INPUT RECORDS:
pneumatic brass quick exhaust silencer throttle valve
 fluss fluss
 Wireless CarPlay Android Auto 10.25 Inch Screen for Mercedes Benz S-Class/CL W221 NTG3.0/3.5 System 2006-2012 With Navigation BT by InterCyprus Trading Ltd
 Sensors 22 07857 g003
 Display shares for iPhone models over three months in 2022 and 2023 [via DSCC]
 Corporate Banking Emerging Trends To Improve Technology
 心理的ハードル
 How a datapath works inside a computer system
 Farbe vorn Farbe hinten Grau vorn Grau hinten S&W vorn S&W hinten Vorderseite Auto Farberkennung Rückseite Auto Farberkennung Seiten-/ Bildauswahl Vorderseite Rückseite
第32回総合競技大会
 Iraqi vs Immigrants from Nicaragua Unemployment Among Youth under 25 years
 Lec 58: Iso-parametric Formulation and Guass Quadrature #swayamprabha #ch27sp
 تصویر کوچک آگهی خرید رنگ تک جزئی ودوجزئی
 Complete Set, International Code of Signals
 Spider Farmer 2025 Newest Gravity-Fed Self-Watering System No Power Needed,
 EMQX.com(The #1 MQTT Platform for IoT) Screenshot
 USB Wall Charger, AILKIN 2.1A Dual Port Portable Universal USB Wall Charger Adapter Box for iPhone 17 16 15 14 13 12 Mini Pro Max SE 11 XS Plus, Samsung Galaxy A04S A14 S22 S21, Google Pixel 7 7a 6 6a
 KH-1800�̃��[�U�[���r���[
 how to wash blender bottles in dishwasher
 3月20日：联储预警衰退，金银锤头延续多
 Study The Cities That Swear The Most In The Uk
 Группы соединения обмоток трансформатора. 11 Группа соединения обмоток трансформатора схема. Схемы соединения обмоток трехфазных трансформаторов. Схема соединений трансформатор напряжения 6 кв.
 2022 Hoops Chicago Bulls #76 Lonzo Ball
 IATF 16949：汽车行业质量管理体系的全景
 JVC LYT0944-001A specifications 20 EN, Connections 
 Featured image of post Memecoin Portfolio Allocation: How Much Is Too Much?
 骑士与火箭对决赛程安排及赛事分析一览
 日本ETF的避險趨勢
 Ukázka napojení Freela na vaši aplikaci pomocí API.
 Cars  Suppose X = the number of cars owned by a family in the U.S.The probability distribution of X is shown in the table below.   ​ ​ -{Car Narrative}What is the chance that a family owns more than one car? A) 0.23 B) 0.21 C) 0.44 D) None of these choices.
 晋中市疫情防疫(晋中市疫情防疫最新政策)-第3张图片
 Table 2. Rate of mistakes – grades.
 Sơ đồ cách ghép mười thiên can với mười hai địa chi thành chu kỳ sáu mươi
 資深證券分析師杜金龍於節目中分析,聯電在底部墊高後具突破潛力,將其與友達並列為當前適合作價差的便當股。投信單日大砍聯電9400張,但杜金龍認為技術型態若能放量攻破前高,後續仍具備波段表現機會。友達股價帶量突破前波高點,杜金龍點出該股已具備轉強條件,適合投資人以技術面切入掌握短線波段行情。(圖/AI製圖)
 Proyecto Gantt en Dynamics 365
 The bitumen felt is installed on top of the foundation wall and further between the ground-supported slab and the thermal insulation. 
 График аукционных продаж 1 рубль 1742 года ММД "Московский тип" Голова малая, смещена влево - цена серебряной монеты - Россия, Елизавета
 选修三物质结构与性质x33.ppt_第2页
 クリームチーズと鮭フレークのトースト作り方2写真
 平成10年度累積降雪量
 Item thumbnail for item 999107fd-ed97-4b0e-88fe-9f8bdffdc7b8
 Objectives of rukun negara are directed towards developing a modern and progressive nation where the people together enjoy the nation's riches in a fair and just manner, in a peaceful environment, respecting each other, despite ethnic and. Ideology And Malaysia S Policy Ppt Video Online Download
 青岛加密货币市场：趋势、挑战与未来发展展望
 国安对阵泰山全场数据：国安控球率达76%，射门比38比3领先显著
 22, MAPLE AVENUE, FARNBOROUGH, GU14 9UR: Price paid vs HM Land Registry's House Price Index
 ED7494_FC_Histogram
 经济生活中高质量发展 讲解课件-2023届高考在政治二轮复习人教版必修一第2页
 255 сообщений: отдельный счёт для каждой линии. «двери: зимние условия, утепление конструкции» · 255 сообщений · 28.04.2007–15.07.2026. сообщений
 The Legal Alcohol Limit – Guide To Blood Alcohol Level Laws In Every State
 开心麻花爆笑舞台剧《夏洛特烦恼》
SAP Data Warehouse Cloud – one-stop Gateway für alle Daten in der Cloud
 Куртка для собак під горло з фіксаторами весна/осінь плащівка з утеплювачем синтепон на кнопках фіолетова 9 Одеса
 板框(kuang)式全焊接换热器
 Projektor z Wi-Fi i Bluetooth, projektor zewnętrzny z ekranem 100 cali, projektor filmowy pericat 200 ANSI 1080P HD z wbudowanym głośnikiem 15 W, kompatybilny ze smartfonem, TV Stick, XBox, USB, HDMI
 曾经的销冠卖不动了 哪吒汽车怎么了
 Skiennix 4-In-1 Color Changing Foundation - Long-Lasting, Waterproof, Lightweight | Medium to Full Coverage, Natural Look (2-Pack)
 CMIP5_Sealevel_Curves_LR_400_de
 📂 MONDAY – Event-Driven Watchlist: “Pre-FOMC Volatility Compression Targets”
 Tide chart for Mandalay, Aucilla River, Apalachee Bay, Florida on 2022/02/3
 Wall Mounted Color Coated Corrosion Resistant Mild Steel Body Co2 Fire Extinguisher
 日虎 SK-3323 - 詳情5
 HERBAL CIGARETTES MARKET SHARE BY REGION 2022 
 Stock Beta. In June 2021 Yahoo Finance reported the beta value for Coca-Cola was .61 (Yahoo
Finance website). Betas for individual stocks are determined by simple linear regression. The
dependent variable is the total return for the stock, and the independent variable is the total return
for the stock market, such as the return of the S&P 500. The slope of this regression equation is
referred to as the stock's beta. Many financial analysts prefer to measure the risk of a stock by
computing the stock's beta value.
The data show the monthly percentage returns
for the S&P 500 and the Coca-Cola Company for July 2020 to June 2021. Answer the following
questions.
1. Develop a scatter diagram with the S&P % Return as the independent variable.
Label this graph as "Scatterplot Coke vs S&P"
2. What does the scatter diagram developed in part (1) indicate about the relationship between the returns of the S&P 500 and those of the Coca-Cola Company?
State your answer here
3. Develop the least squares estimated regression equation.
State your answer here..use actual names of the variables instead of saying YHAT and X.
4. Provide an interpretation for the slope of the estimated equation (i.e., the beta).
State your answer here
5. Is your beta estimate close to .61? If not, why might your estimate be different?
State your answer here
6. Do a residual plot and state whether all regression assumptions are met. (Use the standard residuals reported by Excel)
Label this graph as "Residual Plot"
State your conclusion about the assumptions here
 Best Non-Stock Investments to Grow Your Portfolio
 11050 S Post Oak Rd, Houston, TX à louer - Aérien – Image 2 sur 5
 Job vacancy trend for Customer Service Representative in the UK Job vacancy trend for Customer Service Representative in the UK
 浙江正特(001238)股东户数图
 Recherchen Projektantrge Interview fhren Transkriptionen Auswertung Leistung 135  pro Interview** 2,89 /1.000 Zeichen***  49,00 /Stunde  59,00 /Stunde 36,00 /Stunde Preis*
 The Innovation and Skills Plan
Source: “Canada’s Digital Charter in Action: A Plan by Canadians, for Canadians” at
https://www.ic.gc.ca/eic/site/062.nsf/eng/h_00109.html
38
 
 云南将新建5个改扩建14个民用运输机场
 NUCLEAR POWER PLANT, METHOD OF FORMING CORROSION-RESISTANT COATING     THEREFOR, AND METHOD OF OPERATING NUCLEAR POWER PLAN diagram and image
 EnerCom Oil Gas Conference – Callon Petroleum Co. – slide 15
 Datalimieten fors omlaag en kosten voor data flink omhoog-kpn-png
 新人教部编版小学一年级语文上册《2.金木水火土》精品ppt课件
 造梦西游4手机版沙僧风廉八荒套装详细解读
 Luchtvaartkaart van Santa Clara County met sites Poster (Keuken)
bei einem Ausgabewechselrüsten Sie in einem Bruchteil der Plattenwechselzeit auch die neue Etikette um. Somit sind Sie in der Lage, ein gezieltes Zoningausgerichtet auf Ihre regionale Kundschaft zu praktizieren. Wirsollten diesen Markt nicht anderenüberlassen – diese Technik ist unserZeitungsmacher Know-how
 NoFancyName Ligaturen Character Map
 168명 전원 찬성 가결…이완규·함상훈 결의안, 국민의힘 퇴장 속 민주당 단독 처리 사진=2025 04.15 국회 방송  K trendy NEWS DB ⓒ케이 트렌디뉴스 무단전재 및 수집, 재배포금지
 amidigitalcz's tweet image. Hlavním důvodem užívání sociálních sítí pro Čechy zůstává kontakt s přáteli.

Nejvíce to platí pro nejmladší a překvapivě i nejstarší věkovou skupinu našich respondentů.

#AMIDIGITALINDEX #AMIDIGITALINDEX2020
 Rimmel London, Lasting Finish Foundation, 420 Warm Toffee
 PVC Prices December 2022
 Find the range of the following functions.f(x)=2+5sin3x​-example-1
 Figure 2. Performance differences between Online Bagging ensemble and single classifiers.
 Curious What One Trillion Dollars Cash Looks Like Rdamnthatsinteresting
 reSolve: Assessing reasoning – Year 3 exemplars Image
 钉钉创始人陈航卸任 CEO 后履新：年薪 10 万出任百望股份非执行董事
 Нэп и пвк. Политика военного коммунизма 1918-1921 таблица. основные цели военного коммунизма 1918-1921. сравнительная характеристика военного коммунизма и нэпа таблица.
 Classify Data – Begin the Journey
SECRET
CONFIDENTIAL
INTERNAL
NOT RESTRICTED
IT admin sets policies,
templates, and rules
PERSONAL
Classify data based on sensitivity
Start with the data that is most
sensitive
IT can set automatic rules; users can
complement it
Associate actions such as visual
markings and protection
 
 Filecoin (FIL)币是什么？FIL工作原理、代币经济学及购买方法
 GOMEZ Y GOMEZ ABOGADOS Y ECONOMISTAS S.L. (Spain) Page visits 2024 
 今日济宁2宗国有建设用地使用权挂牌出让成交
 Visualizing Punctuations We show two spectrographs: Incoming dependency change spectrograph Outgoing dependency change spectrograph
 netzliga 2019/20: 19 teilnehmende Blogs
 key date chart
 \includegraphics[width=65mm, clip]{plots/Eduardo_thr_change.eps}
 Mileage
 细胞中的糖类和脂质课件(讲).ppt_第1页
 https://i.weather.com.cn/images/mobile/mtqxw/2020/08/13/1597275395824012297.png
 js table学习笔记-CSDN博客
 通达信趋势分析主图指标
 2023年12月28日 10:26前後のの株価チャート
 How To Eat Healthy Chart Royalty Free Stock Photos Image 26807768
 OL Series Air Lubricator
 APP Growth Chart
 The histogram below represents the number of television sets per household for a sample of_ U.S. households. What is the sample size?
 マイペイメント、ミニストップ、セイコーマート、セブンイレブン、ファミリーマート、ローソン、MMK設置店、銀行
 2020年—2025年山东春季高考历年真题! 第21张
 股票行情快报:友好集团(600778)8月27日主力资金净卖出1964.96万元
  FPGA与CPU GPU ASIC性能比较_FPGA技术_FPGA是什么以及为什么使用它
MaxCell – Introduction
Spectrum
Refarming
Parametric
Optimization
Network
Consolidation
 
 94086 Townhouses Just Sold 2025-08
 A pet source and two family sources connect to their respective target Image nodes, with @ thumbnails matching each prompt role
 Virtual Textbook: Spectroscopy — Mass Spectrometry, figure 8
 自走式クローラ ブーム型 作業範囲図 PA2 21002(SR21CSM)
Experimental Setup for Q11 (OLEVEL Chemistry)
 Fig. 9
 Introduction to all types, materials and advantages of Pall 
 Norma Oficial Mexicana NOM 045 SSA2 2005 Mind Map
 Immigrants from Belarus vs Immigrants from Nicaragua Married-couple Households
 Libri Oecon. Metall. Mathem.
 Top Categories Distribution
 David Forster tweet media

WORK REQUEST: Whenever the word "between" occurs in a line above, copy that line.

WRITTEN REPLY:
 The bitumen felt is installed on top of the foundation wall and further between the ground-supported slab and the thermal insulation. 
2. What does the scatter diagram developed in part (1) indicate about the relationship between the returns of the S&P 500 and those of the Coca-Cola Company?
 Figure 2. Performance differences between Online Bagging ensemble and single classifiers.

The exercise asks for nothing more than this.